Monday, Apr. 20, 1931
New York into Business
The State of New York last week definitely decided to go into the hydroelectric power business on a scale as large as the U. S. at Boulder Dam. The Legislature at Albany passed a bill creating a State Power Authority to conduct this ambitious utility enterprise. The Power Authority will construct a $171,547,000 dam and generating plant near Massena Point on the international rapids of the St. Lawrence River. It will market the energy-- some 2,000,000 h. p.--there produced, through private distributing agencies already in the utility field.
This legislative enactment concluded a decade of intense political conflict in New York. With water power as a prime issue Republicans have wanted to lease State resources on the St. Lawrence for 50 years to private utility companies. Democrats have demanded public development of State property. Time and again this Democratic doctrine helped Alfred Emanuel Smith win the Governorship. Franklin Delano Roosevelt carried it forward as a party policy. Last year Governor Roosevelt secured a truce in the old fight while a special commission of five experts investigated the feasibility of St. Lawrence power developed by the State. In February the Commission brought in its report: State development of power was highly practical, soundly economic, provided transmission and distribution to the consumer were left to private companies with their network of local wires already in operation. Glad to drop Power, a losing issue for them, the State Republicans accepted this compromise proposal.
The Power Authority must first obtain consent from the Federal Government and Canada to dam the international rapids. Then it must negotiate marketing contracts with private companies, particularly Niagara Hudson Power Corp., for the distribution of its power. These contracts, of great importance in the whole scheme, constitute the State's new method of rate regulation whereby the benefits of public production may be passed along to the consumer. If reasonable contracts for the control of prices cannot be made, the Power Authority must return to the Legislature for additional permission to go into the power transmission and distribution business.

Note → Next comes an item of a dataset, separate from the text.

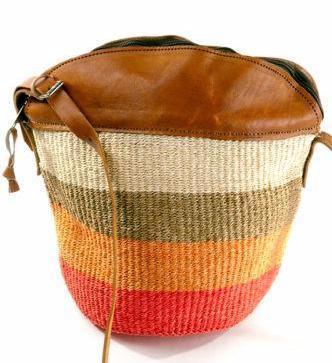 Product image - W excel at weaving beautiful, useful African baskets from sisal, raffia, doum palm, banana fiber and water hyacinth. Using coil and plaiting techniques, weavers craft baskets that double as art.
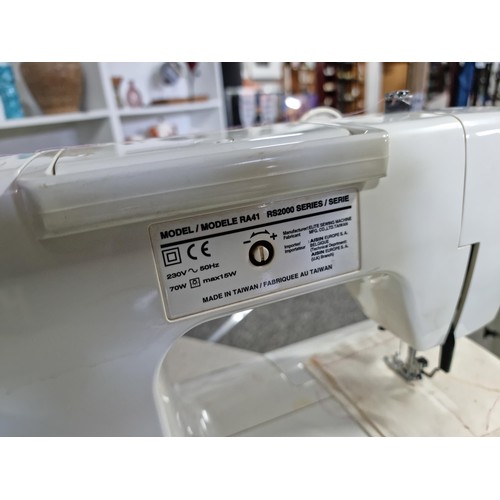 4 - A Toyota model RS2000 sewing machine having many stitch patterns and complete with its pedal along w...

Governor Roosevelt acclaimed the execution of his Power policy as a great victory for the consuming public. He insisted it would bring "more and cheaper electricity into the homes of the State, into the small shops and small industries, into the farms and the flats." His investigating commission, however, had not been so sanguine of immediate benefits to the Little Fellow. While the development was primarily for the benefit of the domestic and rural consumer, the Commission pointed out that the big industrial users whose demand for power is on a 24-hr. basis would possibly "receive a larger percentage of reduction in rates than will the domestic consumer."